Given information START

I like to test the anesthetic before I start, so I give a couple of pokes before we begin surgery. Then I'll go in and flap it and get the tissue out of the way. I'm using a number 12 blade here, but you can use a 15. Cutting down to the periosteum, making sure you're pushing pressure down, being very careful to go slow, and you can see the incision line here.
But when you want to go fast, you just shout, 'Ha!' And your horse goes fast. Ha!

Given information END
Given information START

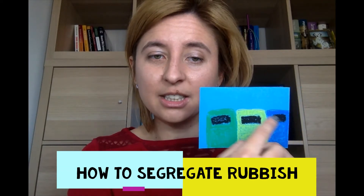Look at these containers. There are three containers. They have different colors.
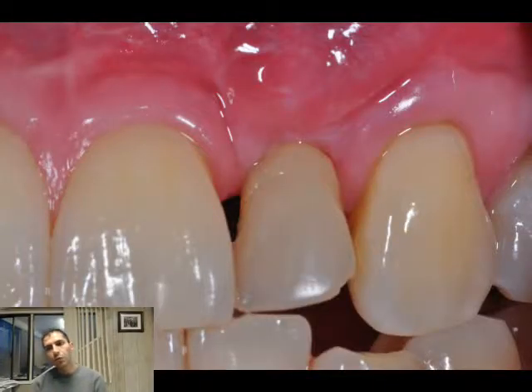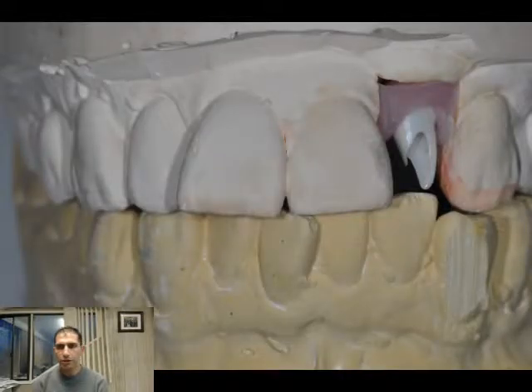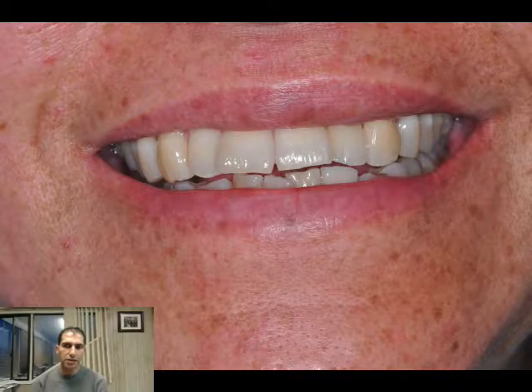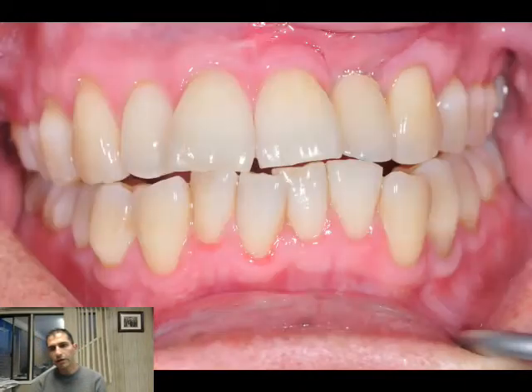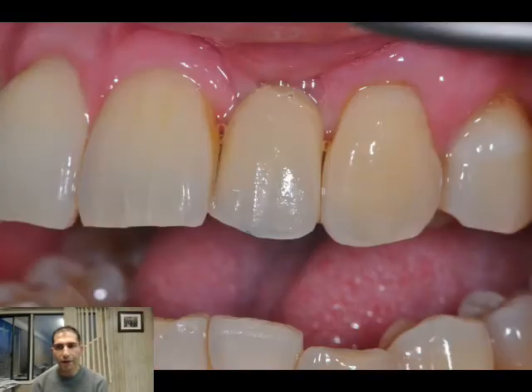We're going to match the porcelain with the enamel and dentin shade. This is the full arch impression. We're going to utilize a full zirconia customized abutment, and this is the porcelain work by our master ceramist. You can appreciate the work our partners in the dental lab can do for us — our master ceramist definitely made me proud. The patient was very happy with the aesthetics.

Given information END
Given information START

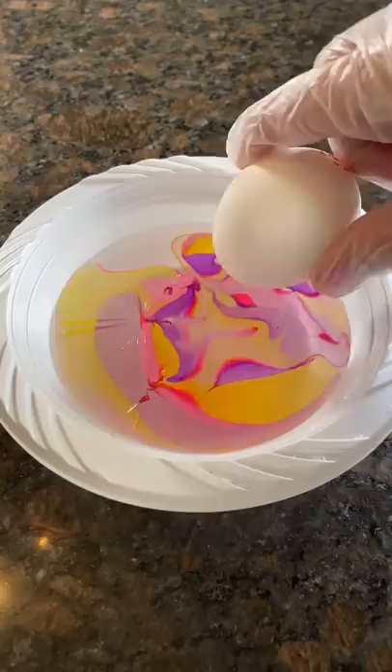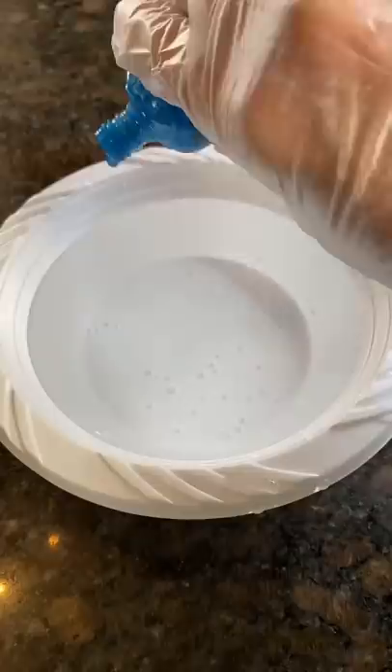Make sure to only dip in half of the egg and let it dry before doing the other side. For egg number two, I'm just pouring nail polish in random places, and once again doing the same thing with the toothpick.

Given information END

All lines above starting at the one with "Look at these" and ending at the one with "We're going to match", inclusive, are to be printed again exactly, with the pictures left out.

--- Task output ---
Look at these containers. There are three containers. They have different colors.
We're going to match the porcelain with the enamel and dentin shade. This is the full arch impression. We're going to utilize a full zirconia customized abutment, and this is the porcelain work by our master ceramist. You can appreciate the work our partners in the dental lab can do for us — our master ceramist definitely made me proud. The patient was very happy with the aesthetics.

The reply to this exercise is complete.